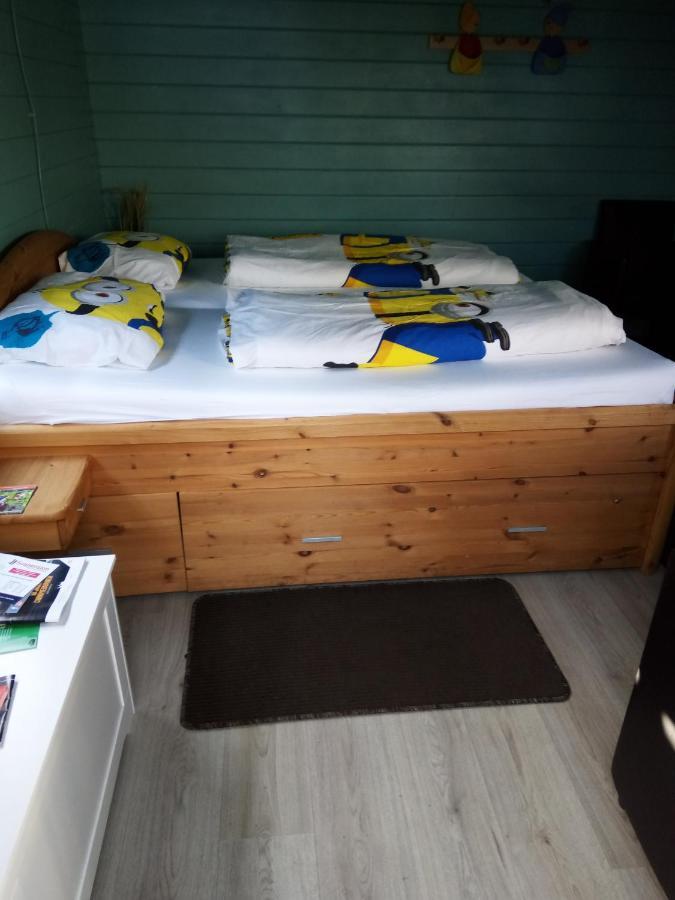 Urlaub Machen Direkt Am Irland Das Kinderparadies In Twisteden Im Grossen Garten Bei Privatleute Fur Maximal Sechs Personen Kevelaer Bagian luar foto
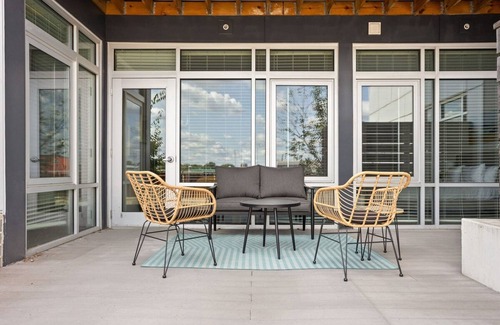 Downtown Indianapolis Apartment | Cozysuites l Trendy 2BR Bottleworks Indy 1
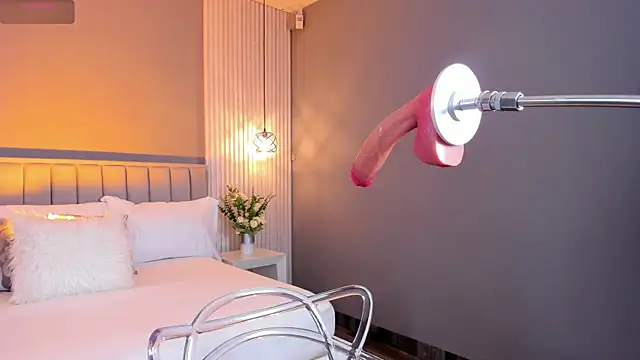 Snapshot of ValeryNova chatting on 10.07.25 ValeryNova online show from 10.07.25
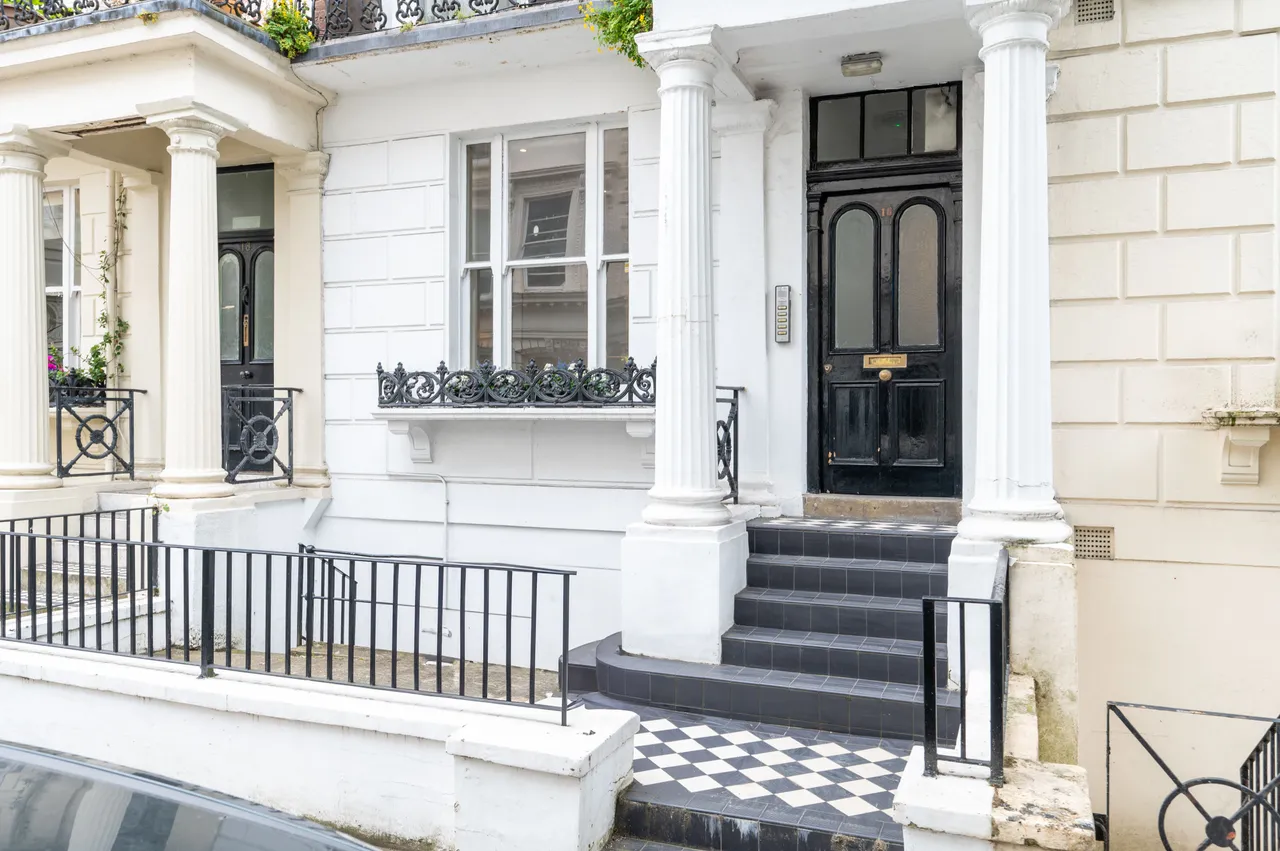 Flat 2, 16 Monmouth Road, London, photo 9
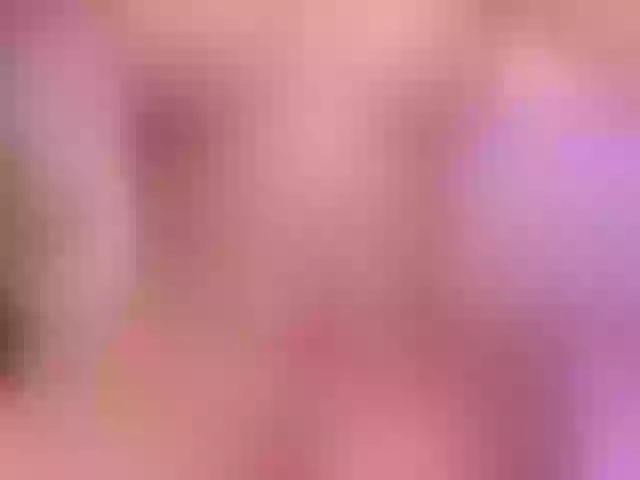 Live sex webcam photo for RossieRhoades #292132522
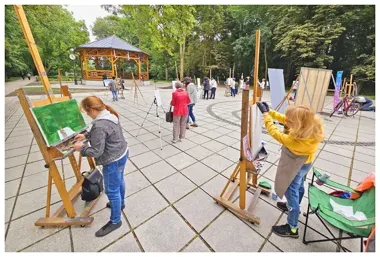 Seniorzy chwycą za pędzle w Aleksandrii - plener z malarskim klimatem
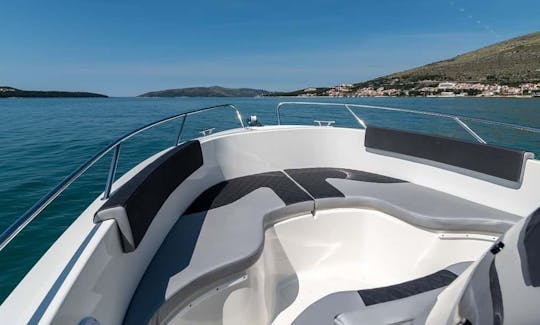 Rent Atlantic Marine 670 Powerboat with 200 Hp Honda Engine in Trogir - 10 People Capacity - With Skipper Available!!
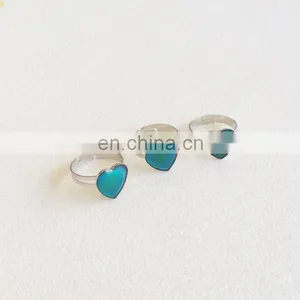 Trending Hot Sale Adjustable Heart Shaped Cheap Mood Rings for Girls thumbnail-1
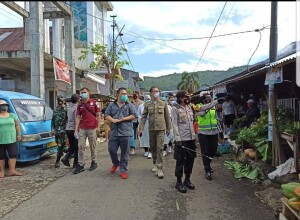 Satgas Covid melakukan sosialisasi dan penerapan protokol di Pasar Airmadidi belum lama ini. Tampak Kapolres AKBP. Grace Rahakbau, Kadis Alain Beyah dan Kasat Pol-PP Robby.
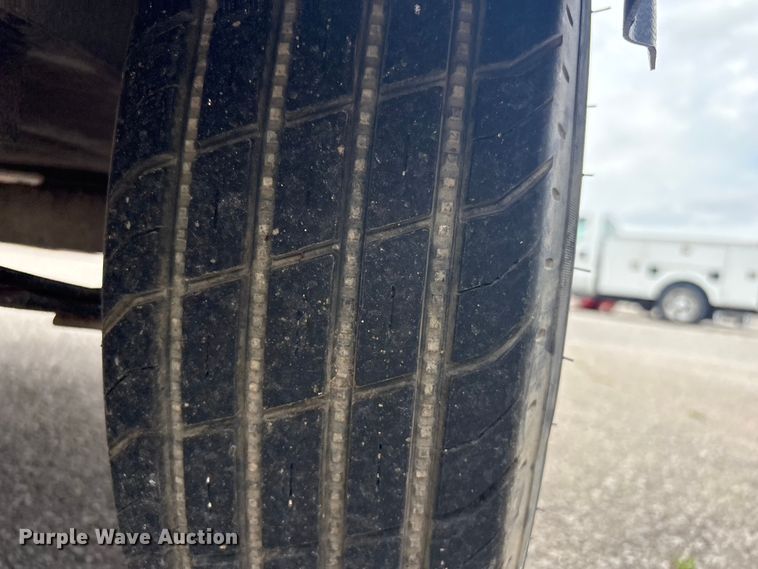 image for item FB8693 2005 Sullair 260DPQJD air compressor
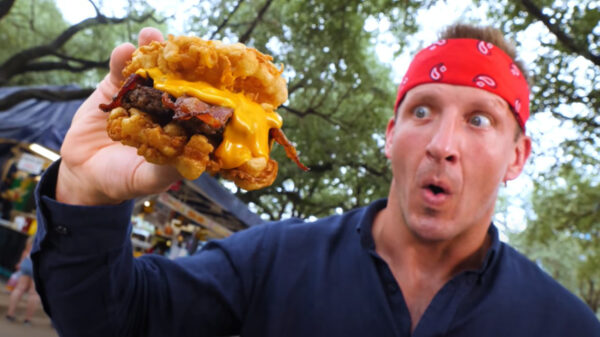 Na deze 50 voorbeelden van bizar streetfood uit de USA snap je waarom veel Amerikanen zo dik zijn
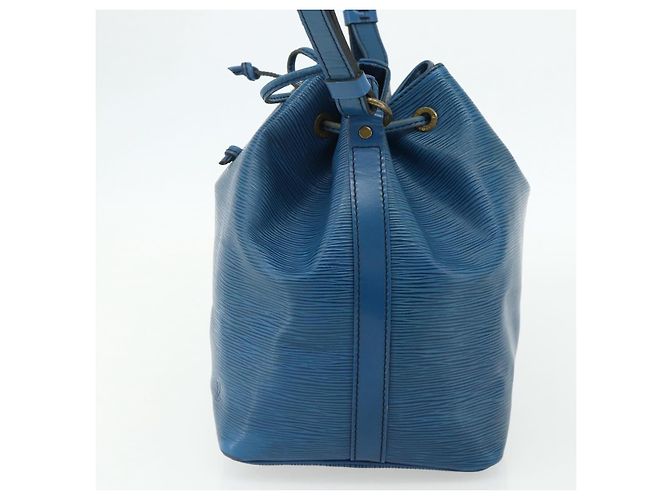 Noe LOUIS VUITTON Borsa a Spalla Petit Noé Epi Blu M44105 LV Auth YKZ1244 - vista 4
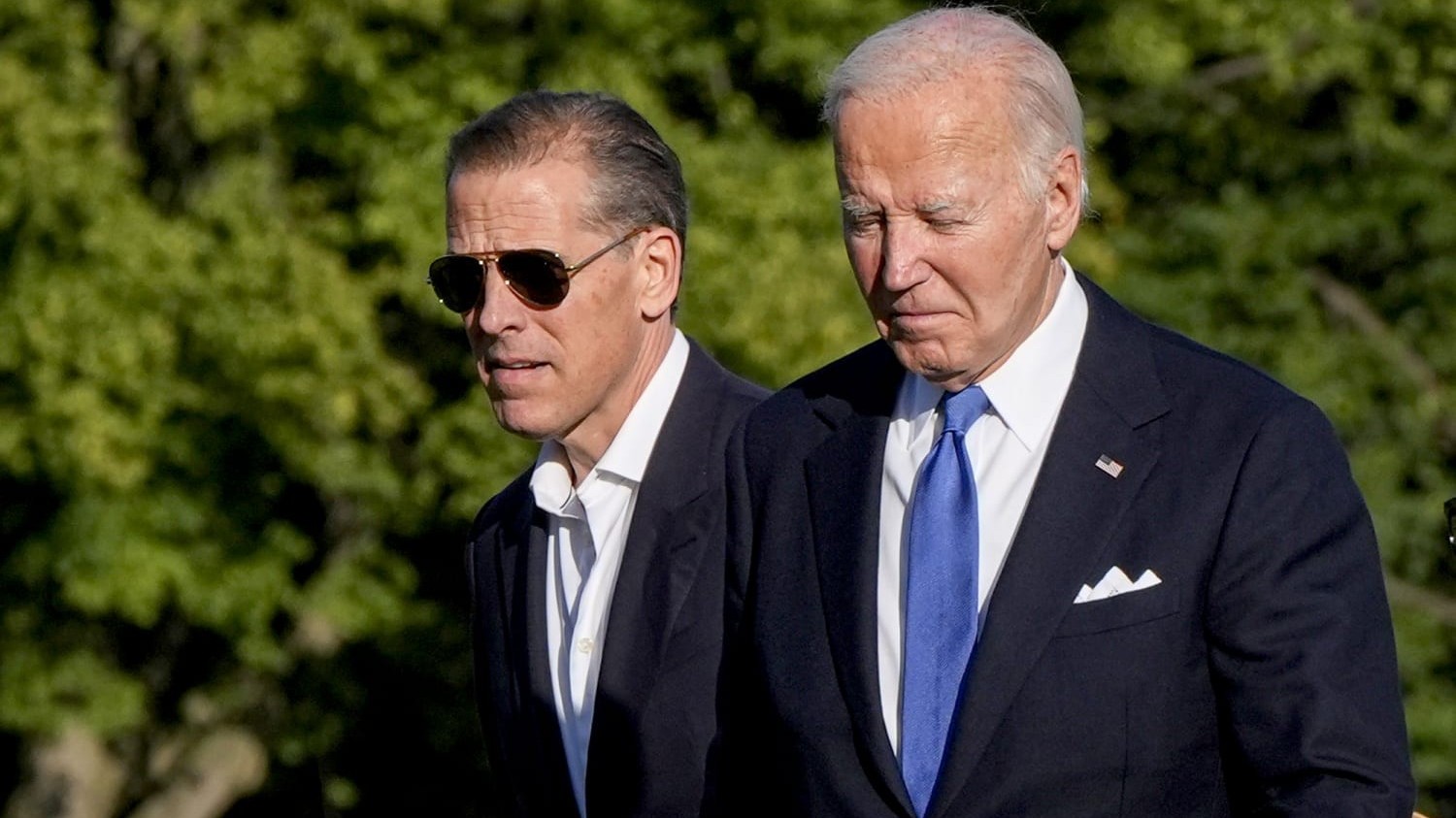 Mỹ: Từng tuyên bố sẽ không ân xá cho con trai, Tổng thống Biden hành động trái ngược khi sắp rời Nhà Trắng, ông Trump phản đối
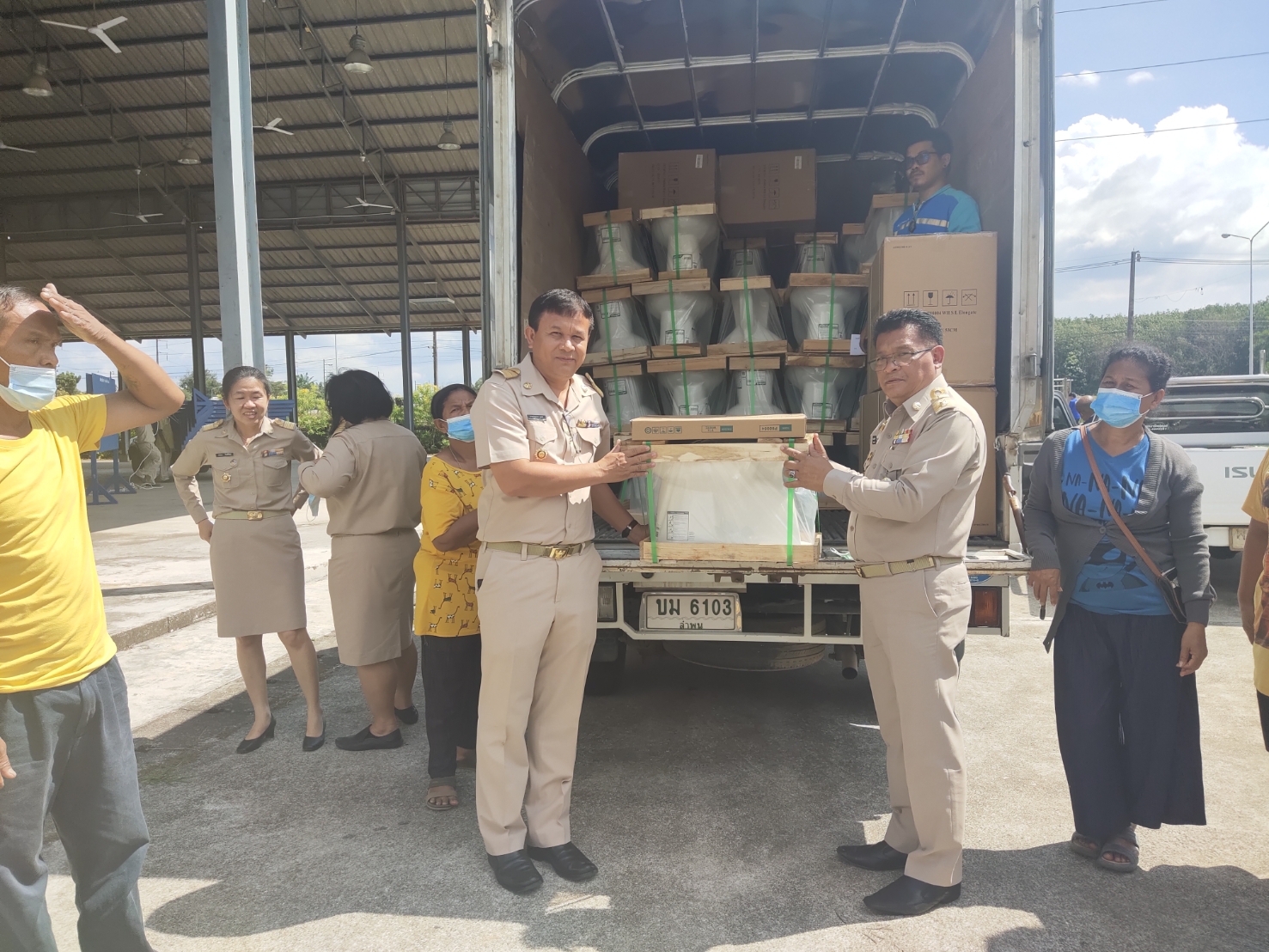 ? “พช.ระยอง”  ร่วมรับมอบสุขภัณฑ์ โครงการ “นั่งสุข ลุกสบาย” เพื่อเปลี่ยนโถส้วมแบบนั่งราบให้ผู้สูงอายุและยากไร้  ?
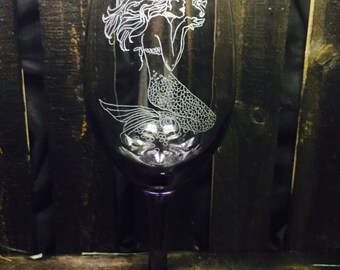 Classic mermaid wine glass - mermaid, wine glass, barware, ocean siren, siren of the sea, etched glassware, hand etched, holiday, gift ideas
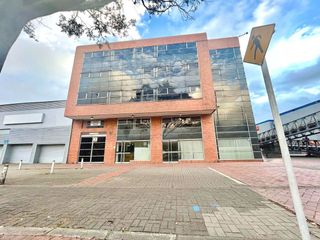 Foto 5 de EDIFICIO DE OFICINAS Y LOCALES EN VENTA SECTOR NIZA SUBA BOGOTÁ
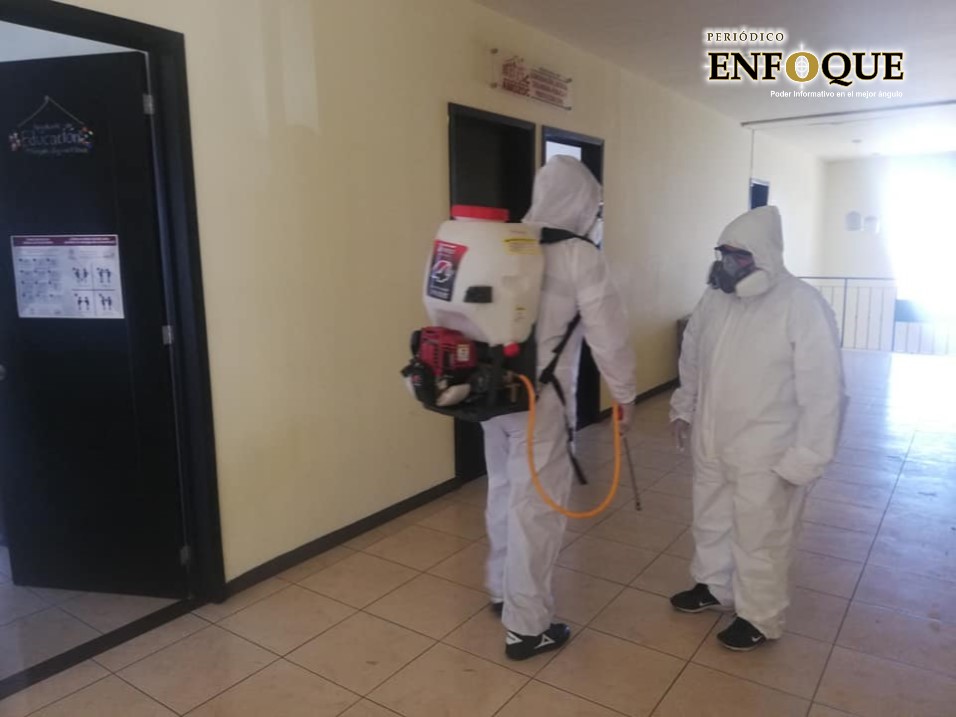 Foto: Marisol Oropeza Por aumento de casos intensifican trabajos de sanitización en Amozoc; se registran 53 contagios y 8 defunciones por Covid-19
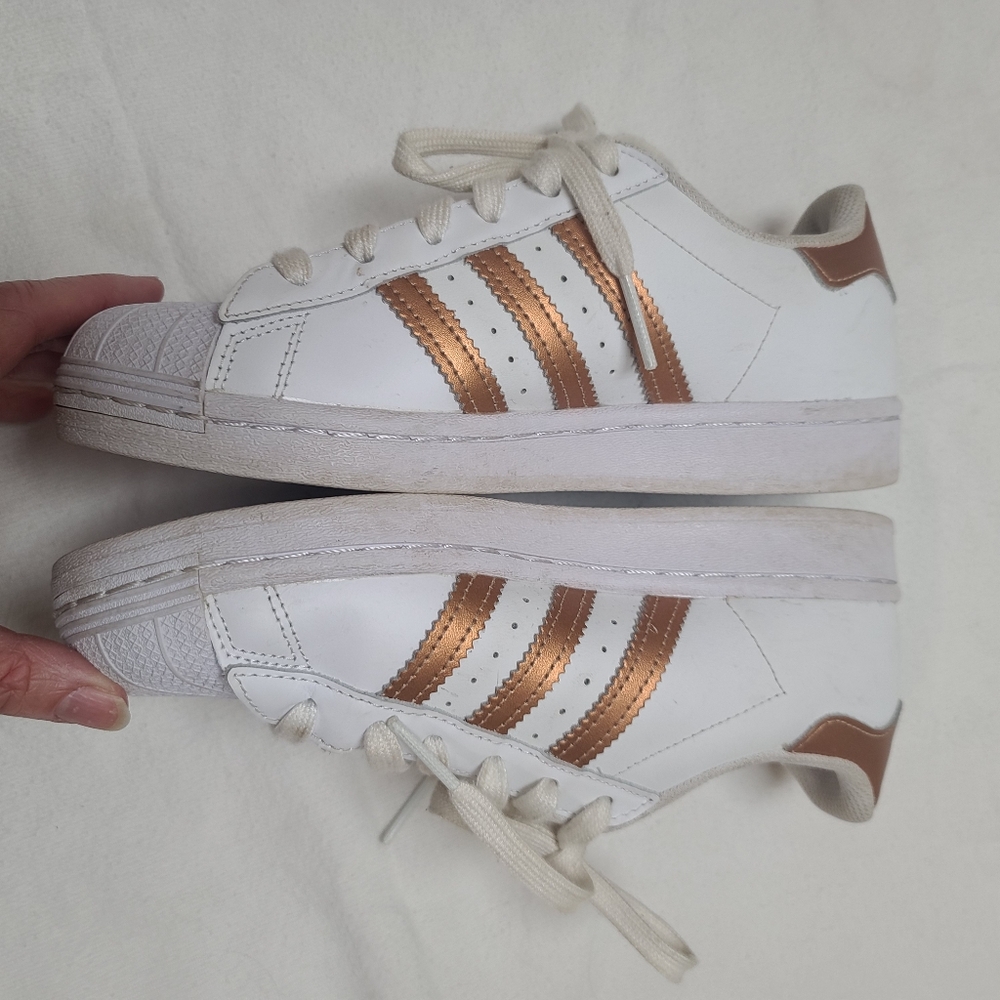 Adidas White and Gold Superstar Sneakers Size 6.5 - Picture 4 of 10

## GOAL OF THE EXERCISE
Write out exactly the lines running from the one with "Foto: Marisol Oropeza" through the end of the material, both ends included, while leaving the pictures out.

## EXERCISE RESPONSE
 Foto: Marisol Oropeza Por aumento de casos intensifican trabajos de sanitización en Amozoc; se registran 53 contagios y 8 defunciones por Covid-19
 Adidas White and Gold Superstar Sneakers Size 6.5 - Picture 4 of 10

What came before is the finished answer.